Warum man in der Kirche eine Kerze anzündet

Das sanfte Flackern einer Kerze in der Kirche berührt etwas Tiefes in uns. Es ist mehr als nur ein Licht – es ist ein Zeichen. Viele Gläubige zünden eine Kerze an, um ihre Gebete sichtbar zu machen, einen Moment der Stille zu finden oder jemanden in der Fürbitte zu halten.
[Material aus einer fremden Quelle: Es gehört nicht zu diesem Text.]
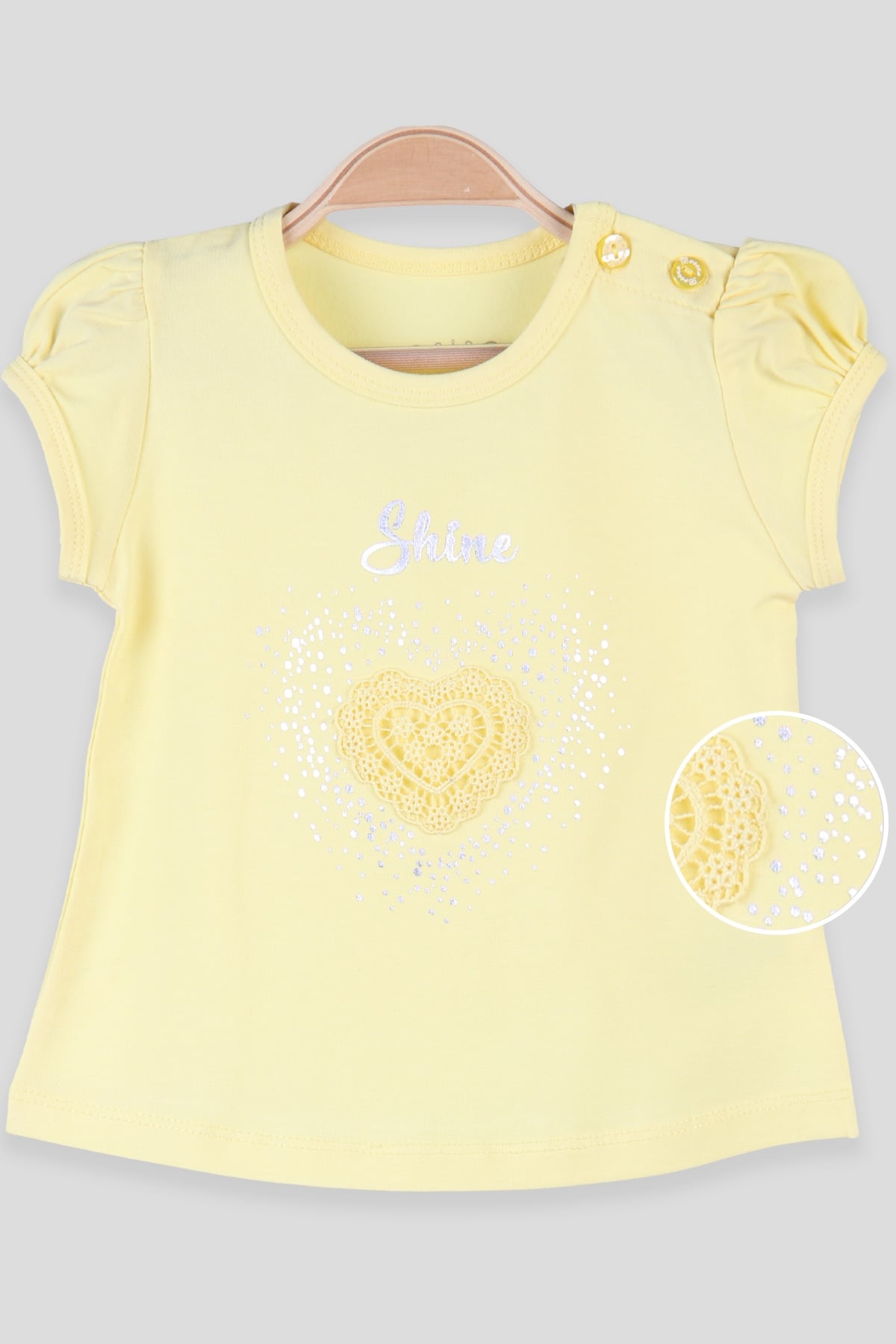 Breeze Kız Bebek Tişört Dantelli Baskılı  Sarı (9 Ay-3 Yaş)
Schon bei der Taufe erhält jedes Kind eine Kerze, angezündet vom Osterfeuer: ein Symbol dafür, dass Christus das Licht der Welt ist.

Das Licht der Kerze steht für Vertrauen, Hoffnung und Liebe zu Gott.

Es leuchtet in der Dunkelheit – so wie der Glaube im Alltag. Ob in Trauer, in Sorge oder als Ausdruck der Freude: Eine Kerze anzünden, bedeutet, etwas in die Hand zu nehmen, was uns verbindet – mit Gott, mit den Verstorbenen, mit der Gemeinschaft.

In vielen Kirchen finden sich Kerzenständer vor Heiligenbildern oder vor dem Altar. Manche Menschen bringen eine Kerze als Dank, andere, um um Hilfe zu bitten. Es ist ein einfacher, aber tiefer Moment – eine Geste ohne viele Worte. Denn manchmal sagt ein kleines Licht mehr als lange Gebete.

So wird das Anzünden einer Kerze zu einem stillen Gespräch, zu einem Zeichen des Glaubens, das leuchtet – auch wenn es leise ist.